Patrz też: Na czas wizytacji miały nie przychodzić do pracy, bo... są za brzydkie
- Uważa pani, że w ciągu ostatnich 20 lat świadomość społeczna wzrosła?
- Na pewno. Jednak to kobiety w ciągu tych 20 lat padały ofiarami transformacji. W czasie masowych zwolnień kobiety pracujące głównie w przemyśle lekkim traciły pracę bez odpraw. Z kolei pracownicy typowo męskich profesji jak górnictwo byli zwalniani z wysokimi odprawami. Ponadto nadal nie możemy doprosić się liberalizacji ustawy antyaborcyjnej. Proszę jednak nie myśleć, że stawiam na aborcję. Stawiam na edukację seksualną. 10 proc. ciąż to ciąże nastolatek, które nie wiedzą, jak przed niechcianym dzieckiem się zabezpieczyć.

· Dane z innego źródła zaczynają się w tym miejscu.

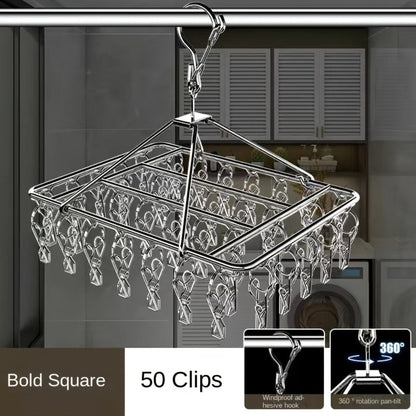 Stainless Steel Hanging Laundry Drying Rack with Square or Round Frame and 30, 40 or 50 Garment Clips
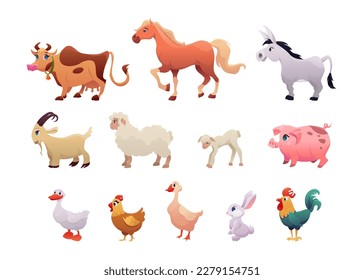 Animales de granja aislados en un fondo blanco. Cute Cartoon Animals Collection: Vaca, Caballo, Burro, Cabra, Oveja, Cordero, Cerdo, Pato, Pollo, Ganso, Gallo, Conejo. Ilustración vectorial.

- Poszukajmy jednak pozytywów. Co prawda w zarządach największych spółek zasiada tylko 7 proc. kobiet, ale już na stanowiskach kierowniczych stanowią one ponad 30 proc., co jest najlepszym wynikiem w Europie. Chyba należy się tym cieszyć?
- Te badania są trochę zakłamane, gdyż mamy w Polsce wiele firm jednoosobowych, zakładanych przez kobiety, które potem liczone są jako kierowniczki. Nie mówię jednak, żeby wyeliminować mężczyzn. Równa reprezentacja kobiet i mężczyzn, wzajemnie uzupełnianie się umiejętnościami i sposobem myślenia może wpłynąć tylko korzystnie na gospodarkę.

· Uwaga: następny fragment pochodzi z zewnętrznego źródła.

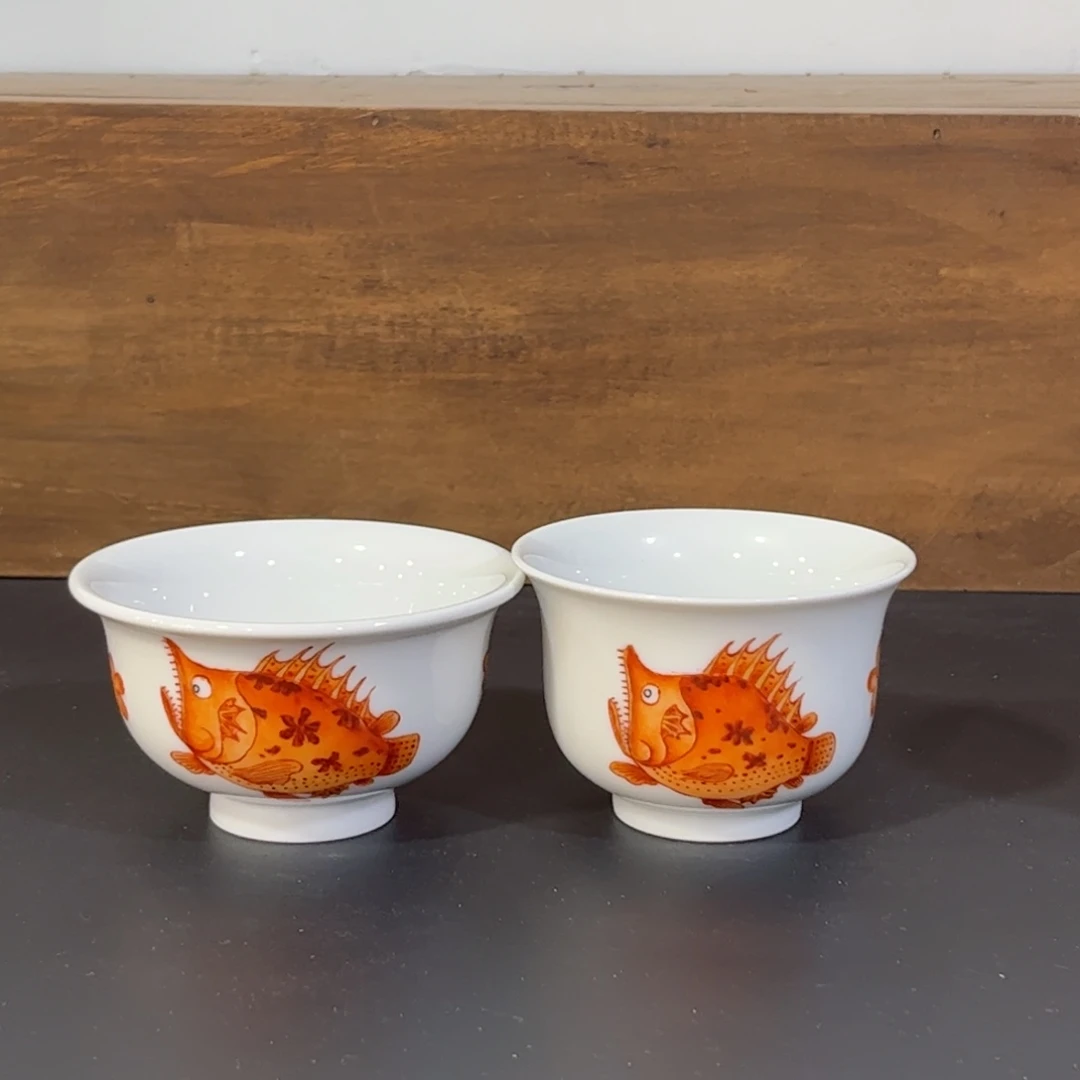 99元一只 矾红桃花鳜鱼杯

- Kongres Kobiet powołał swój gabinet cieni, składający się z samych kobiet. Sceptyk powiedziałby, że szykujecie się do przejęcia władzy i stworzenia Rzeczpospolitej babskiej. Gdzie tu równouprawnienie?
- Myślę, że działa to na zasadzie kontrastu. Na najbardziej eksponowanych stanowiskach politycznych mamy do czynienia z przytłaczającą dominacją mężczyzn.
- Jak pani ocenia kobiety ministrów w obecnym rządzie?
- Trochę trudno mi je ocenić, ponieważ prezentują trochę inny światopogląd niż nasz. Jednak proszę nie oczekiwać, że będę źle mówiła o kobietach (śmiech).
- Ale minister Radziszewska, która w rządzie zajmuje się równouprawnieniem, nie budzi chyba entuzjazmu w środowiskach kobiecych?
- Cóż, pani minister nas zwyczajnie nie reprezentuje. Brakuje jej kompetencji i odpowiedniej wrażliwości, żeby skutecznie walczyć o równouprawnienie. Wynika to pewnie z tego, że ma konserwatywny światopogląd i po prostu nie dostrzega problemów, z którymi powinna walczyć.
- Za coś może ją pani pochwalić?
Może na innym stanowisku byłaby świetna, ale tu zupełnie nie pasuje. Na jej miejscu powinna zasiadać osoba o wrażliwości bardziej lewicowej i związana ze środowiskami kobiecymi. Mamy wiele pań, które wzorowo wywiązałyby się ze swoich obowiązków, jeśli tylko dać im szansę.